INSTRUCTIONS FOR THE TASK:
Your answer must consist of every line from the data below that includes the word "Valeur".

MATERIAL PROVIDED:
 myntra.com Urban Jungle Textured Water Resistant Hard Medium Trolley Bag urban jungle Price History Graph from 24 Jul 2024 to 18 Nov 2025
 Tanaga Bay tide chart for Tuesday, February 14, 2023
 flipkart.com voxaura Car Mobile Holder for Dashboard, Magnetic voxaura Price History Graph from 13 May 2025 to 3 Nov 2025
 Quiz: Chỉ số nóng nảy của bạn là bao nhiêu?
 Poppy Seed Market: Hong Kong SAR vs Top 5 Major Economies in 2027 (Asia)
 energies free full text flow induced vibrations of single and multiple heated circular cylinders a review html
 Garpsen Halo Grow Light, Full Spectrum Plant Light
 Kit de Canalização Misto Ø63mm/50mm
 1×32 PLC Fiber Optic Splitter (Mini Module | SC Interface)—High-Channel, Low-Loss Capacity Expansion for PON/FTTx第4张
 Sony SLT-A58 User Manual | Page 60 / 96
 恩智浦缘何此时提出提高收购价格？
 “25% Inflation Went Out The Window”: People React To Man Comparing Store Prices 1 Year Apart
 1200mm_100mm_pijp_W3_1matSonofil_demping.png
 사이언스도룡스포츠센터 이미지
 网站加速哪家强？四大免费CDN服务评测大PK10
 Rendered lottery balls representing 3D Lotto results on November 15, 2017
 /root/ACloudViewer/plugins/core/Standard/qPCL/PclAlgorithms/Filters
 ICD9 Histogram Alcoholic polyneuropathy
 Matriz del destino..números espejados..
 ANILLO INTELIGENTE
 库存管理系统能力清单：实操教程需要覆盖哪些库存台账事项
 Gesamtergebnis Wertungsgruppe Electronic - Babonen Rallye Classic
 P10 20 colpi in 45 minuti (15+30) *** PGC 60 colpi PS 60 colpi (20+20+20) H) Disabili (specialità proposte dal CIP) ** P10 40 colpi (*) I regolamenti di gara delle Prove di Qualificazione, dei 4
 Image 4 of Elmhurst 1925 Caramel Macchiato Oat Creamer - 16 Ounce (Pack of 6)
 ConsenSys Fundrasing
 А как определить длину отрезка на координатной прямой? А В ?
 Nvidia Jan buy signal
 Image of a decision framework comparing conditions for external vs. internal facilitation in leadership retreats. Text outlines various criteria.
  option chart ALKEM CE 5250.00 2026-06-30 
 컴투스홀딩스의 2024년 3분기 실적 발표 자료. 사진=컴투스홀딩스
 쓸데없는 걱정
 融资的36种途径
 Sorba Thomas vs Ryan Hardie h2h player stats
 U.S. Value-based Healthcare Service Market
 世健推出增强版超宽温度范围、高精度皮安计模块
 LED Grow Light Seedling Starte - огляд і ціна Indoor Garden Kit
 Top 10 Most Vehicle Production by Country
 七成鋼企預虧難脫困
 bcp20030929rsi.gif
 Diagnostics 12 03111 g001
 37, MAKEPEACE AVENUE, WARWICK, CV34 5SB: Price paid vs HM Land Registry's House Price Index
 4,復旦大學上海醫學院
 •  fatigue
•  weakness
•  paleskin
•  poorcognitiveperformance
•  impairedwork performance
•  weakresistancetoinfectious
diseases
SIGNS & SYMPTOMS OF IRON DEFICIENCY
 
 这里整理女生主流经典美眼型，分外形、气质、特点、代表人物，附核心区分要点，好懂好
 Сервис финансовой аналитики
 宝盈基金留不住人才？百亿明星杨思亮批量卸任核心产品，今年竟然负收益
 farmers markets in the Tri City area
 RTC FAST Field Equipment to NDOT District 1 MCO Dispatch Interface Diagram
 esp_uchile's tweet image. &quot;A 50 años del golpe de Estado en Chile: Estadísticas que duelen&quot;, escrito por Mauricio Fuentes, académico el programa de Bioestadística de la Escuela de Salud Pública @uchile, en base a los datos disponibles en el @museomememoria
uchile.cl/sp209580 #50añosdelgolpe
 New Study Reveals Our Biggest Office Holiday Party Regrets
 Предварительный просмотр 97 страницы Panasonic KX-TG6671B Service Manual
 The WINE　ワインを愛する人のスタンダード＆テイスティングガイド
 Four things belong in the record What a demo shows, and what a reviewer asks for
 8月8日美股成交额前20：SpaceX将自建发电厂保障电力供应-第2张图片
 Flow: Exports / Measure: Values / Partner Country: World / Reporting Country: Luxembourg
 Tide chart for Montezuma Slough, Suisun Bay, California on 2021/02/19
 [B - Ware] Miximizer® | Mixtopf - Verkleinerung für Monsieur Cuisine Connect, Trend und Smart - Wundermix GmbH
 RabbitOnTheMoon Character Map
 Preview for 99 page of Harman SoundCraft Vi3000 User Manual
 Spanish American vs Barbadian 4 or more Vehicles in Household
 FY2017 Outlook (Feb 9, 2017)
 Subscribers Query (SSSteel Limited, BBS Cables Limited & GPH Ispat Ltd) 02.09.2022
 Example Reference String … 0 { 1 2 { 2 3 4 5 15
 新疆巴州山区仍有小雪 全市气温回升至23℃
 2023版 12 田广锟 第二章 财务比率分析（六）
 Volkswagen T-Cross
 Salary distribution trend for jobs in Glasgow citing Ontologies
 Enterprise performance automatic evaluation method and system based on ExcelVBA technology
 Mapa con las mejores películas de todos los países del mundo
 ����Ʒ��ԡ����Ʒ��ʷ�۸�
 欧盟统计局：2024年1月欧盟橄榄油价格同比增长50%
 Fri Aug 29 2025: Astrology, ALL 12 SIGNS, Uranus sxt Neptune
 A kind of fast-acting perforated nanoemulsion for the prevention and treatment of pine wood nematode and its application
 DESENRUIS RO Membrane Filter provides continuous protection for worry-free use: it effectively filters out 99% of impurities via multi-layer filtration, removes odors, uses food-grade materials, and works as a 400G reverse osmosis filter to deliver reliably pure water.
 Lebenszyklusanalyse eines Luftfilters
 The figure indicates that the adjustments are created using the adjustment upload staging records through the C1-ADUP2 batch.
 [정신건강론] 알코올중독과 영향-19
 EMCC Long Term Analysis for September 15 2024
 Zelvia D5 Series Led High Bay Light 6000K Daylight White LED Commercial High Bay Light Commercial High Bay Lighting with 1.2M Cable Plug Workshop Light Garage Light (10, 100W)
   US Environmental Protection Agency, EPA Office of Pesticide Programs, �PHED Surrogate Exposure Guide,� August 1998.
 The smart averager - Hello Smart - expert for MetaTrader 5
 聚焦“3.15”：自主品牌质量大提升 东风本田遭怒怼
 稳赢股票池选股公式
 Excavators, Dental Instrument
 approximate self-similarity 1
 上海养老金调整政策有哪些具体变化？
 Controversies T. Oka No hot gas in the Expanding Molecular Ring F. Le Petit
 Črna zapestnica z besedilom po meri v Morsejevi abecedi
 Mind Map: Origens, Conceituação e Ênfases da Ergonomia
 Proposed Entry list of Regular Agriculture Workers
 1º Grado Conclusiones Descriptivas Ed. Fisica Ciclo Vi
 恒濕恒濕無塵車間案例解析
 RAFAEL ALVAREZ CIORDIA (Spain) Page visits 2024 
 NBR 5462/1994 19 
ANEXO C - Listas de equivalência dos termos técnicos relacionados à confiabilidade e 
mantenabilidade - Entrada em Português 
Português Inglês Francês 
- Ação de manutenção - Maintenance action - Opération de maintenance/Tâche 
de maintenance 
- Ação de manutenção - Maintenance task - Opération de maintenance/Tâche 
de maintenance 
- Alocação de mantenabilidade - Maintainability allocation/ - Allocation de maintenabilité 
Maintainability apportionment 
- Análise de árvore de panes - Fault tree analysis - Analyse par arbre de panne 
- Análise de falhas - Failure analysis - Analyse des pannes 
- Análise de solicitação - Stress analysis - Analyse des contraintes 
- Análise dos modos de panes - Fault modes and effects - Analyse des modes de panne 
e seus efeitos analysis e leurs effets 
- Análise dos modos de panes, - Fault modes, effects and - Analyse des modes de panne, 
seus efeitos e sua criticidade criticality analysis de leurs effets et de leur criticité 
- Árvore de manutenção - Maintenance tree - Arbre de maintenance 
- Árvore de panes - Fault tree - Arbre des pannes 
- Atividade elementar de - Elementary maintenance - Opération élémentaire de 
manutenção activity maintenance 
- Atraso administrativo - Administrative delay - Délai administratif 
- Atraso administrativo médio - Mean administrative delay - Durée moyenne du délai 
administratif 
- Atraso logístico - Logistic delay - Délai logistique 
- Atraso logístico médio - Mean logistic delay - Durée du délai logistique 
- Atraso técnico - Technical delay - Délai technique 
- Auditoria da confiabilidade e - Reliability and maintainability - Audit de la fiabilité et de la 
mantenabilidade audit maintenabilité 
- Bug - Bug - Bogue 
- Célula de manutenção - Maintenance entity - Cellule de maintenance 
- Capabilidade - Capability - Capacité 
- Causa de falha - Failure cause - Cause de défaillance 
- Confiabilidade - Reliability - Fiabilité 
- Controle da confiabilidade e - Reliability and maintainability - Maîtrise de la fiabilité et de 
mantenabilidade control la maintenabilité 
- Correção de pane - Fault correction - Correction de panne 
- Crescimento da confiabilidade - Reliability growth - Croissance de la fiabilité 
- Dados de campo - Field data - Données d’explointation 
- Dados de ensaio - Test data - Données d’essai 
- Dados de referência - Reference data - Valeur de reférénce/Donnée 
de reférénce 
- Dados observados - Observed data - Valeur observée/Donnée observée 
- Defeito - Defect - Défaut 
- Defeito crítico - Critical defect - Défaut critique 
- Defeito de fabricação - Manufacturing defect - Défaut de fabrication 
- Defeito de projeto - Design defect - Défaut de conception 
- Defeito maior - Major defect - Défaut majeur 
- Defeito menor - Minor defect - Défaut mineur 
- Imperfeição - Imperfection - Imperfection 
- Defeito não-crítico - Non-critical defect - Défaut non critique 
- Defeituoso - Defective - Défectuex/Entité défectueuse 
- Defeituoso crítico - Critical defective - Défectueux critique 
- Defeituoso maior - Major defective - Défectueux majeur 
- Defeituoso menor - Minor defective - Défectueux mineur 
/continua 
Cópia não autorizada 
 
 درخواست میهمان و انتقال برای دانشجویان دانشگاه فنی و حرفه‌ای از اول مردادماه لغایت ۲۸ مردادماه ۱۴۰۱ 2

YOUR RESPONSE:
- Dados de referência - Reference data - Valeur de reférénce/Donnée 
- Dados observados - Observed data - Valeur observée/Donnée observée 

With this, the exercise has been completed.